• _Work request_:
Could you repeat the entries below exactly, but only from the line with "Οι εγγραφές του" through the line with "국내 제약사 '혁신형 제약기업' 약가 방어 전략/그래픽=이지혜", and without any picture?

• _Data to examine_:
-.-.-

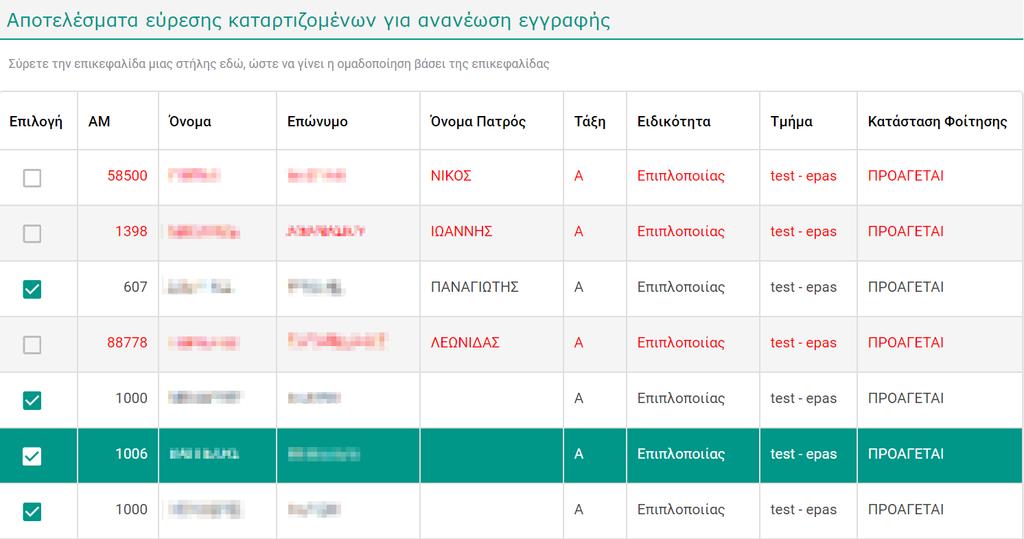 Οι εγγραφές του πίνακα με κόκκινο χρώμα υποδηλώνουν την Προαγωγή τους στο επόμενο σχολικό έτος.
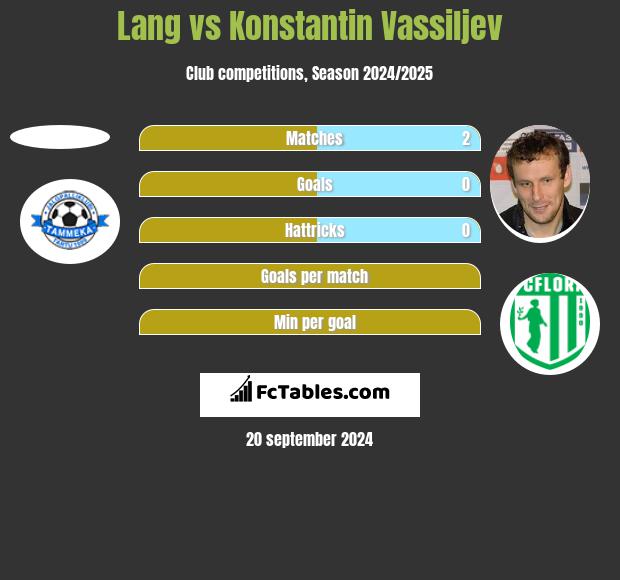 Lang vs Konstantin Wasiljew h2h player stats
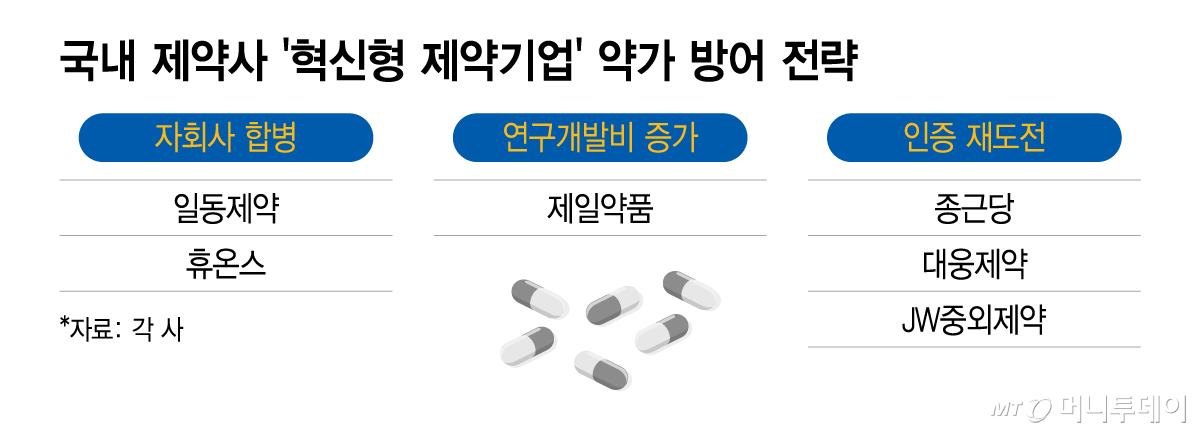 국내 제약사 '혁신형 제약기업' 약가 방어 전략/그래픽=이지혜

-.-.-

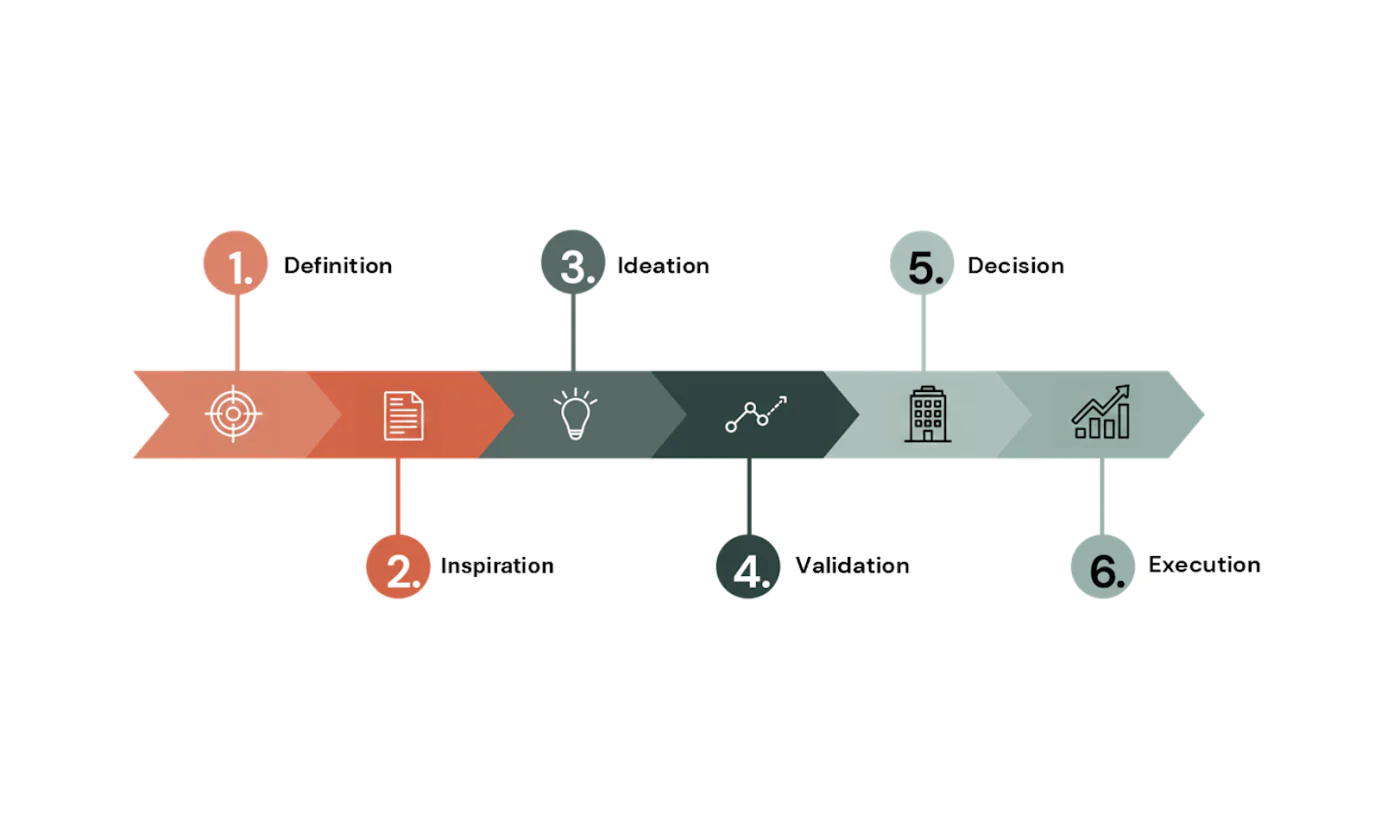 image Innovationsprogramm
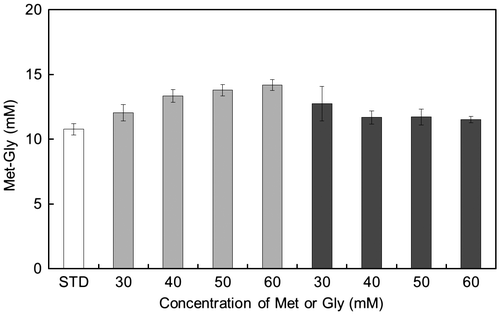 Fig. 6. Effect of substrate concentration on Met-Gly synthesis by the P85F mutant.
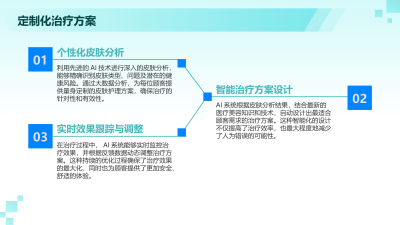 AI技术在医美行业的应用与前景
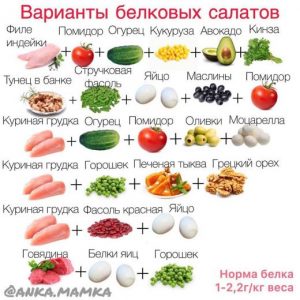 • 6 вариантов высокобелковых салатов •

-.-.-

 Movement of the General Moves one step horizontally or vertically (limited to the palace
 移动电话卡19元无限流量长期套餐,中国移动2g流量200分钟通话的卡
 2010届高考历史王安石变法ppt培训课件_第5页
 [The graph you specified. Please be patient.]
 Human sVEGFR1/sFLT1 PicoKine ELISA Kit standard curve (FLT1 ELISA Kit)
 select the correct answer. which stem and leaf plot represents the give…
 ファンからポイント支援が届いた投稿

-.-.-

• _Answer to this task_:
 Οι εγγραφές του πίνακα με κόκκινο χρώμα υποδηλώνουν την Προαγωγή τους στο επόμενο σχολικό έτος.
 Lang vs Konstantin Wasiljew h2h player stats
 국내 제약사 '혁신형 제약기업' 약가 방어 전략/그래픽=이지혜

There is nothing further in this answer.